• ACTION ITEM
Retype the entries exactly; omit all pictures.

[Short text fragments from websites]
_ _ _

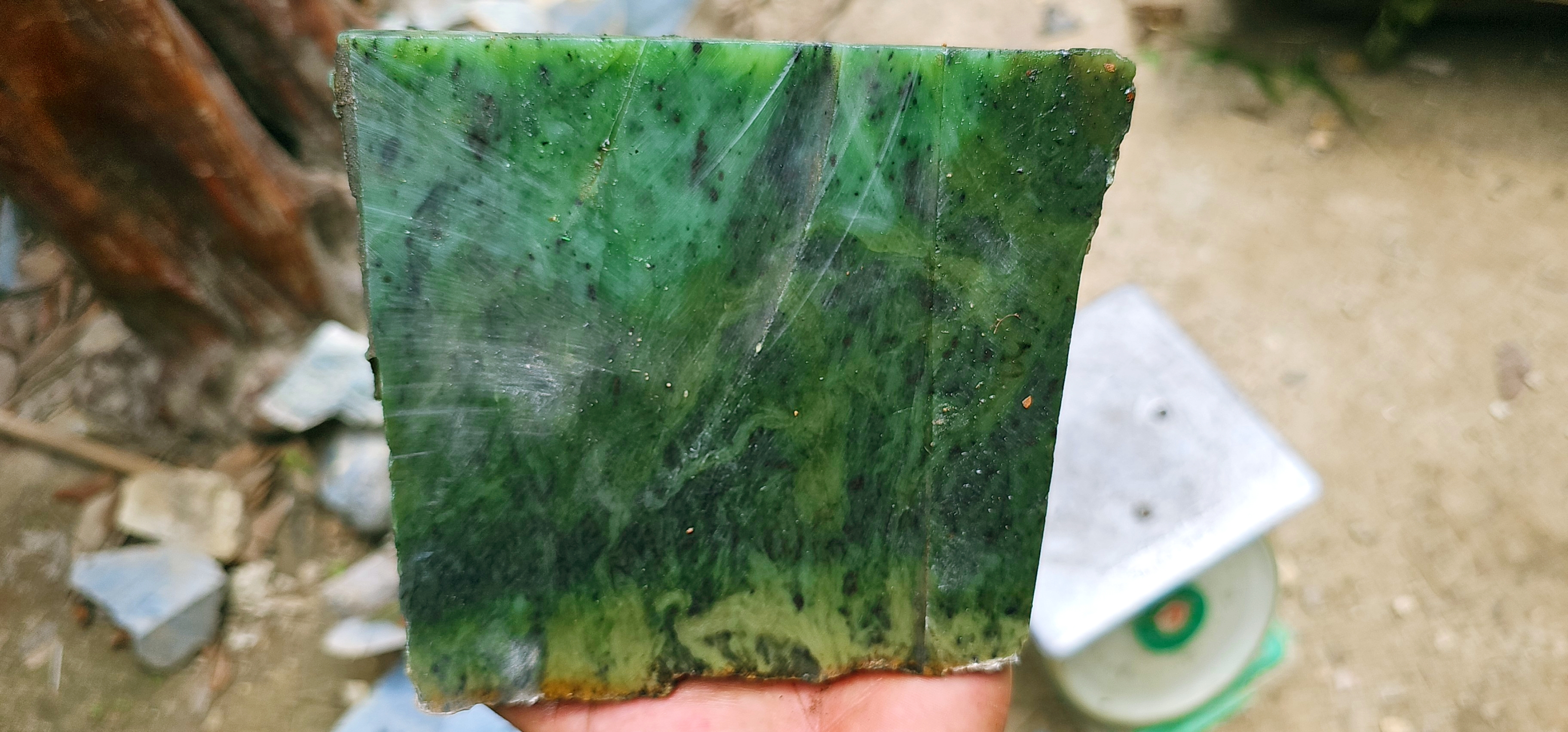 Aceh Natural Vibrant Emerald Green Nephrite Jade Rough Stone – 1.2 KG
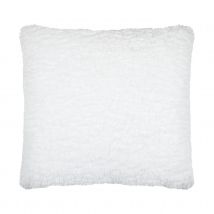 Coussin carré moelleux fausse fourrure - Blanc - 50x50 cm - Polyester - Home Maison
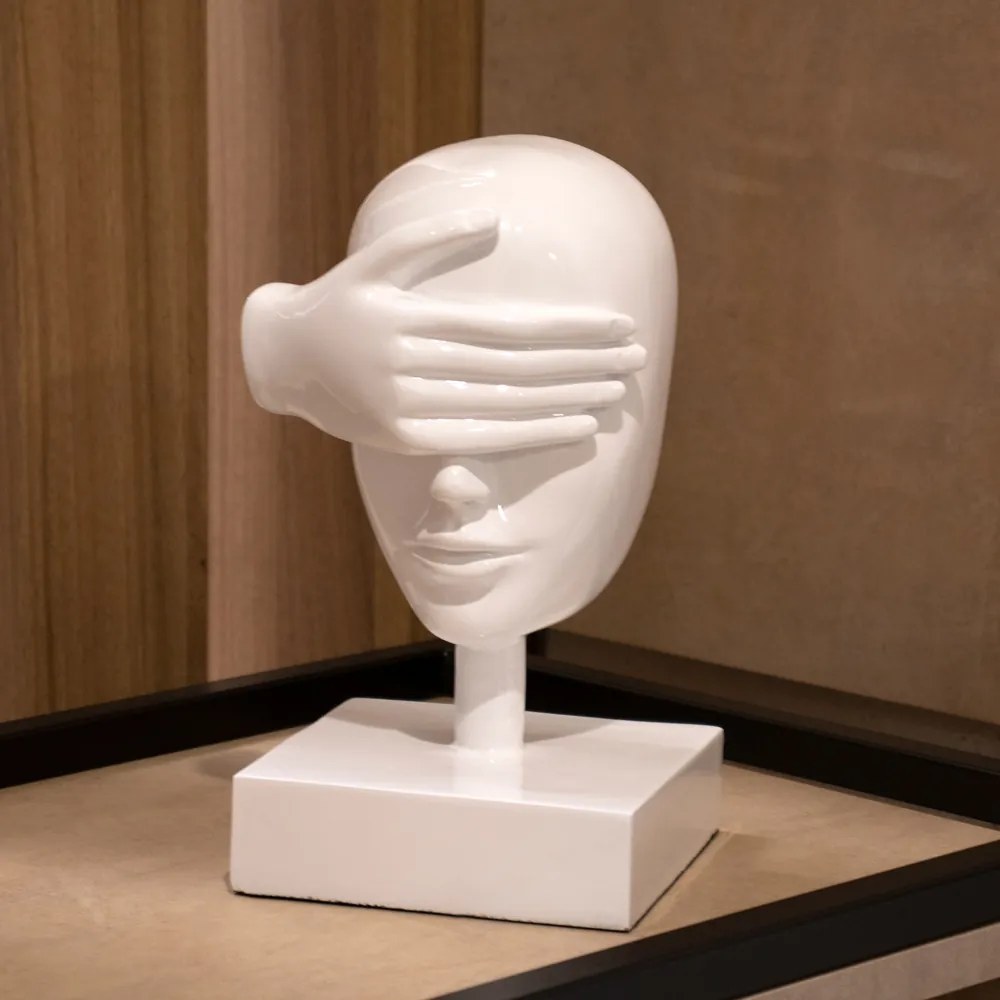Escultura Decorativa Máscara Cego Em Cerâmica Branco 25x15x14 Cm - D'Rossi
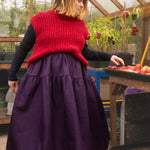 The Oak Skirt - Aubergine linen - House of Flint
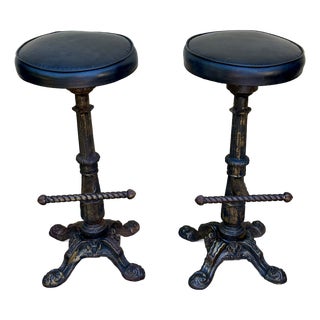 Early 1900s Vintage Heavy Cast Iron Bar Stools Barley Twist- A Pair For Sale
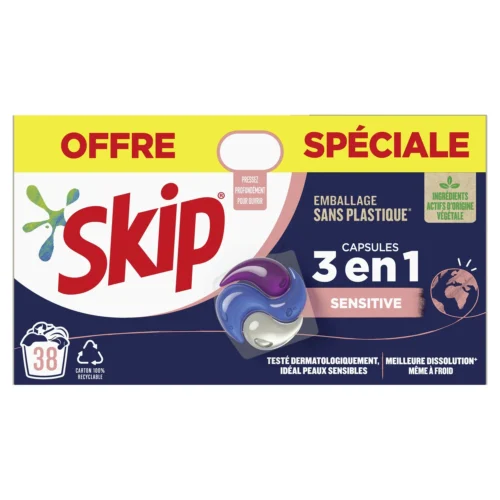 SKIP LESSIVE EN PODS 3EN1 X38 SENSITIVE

_ _ _

• OUTPUT OF THE TASK
 Aceh Natural Vibrant Emerald Green Nephrite Jade Rough Stone – 1.2 KG
 Coussin carré moelleux fausse fourrure - Blanc - 50x50 cm - Polyester - Home Maison
Escultura Decorativa Máscara Cego Em Cerâmica Branco 25x15x14 Cm - D'Rossi
 The Oak Skirt - Aubergine linen - House of Flint
 Early 1900s Vintage Heavy Cast Iron Bar Stools Barley Twist- A Pair For Sale
 SKIP LESSIVE EN PODS 3EN1 X38 SENSITIVE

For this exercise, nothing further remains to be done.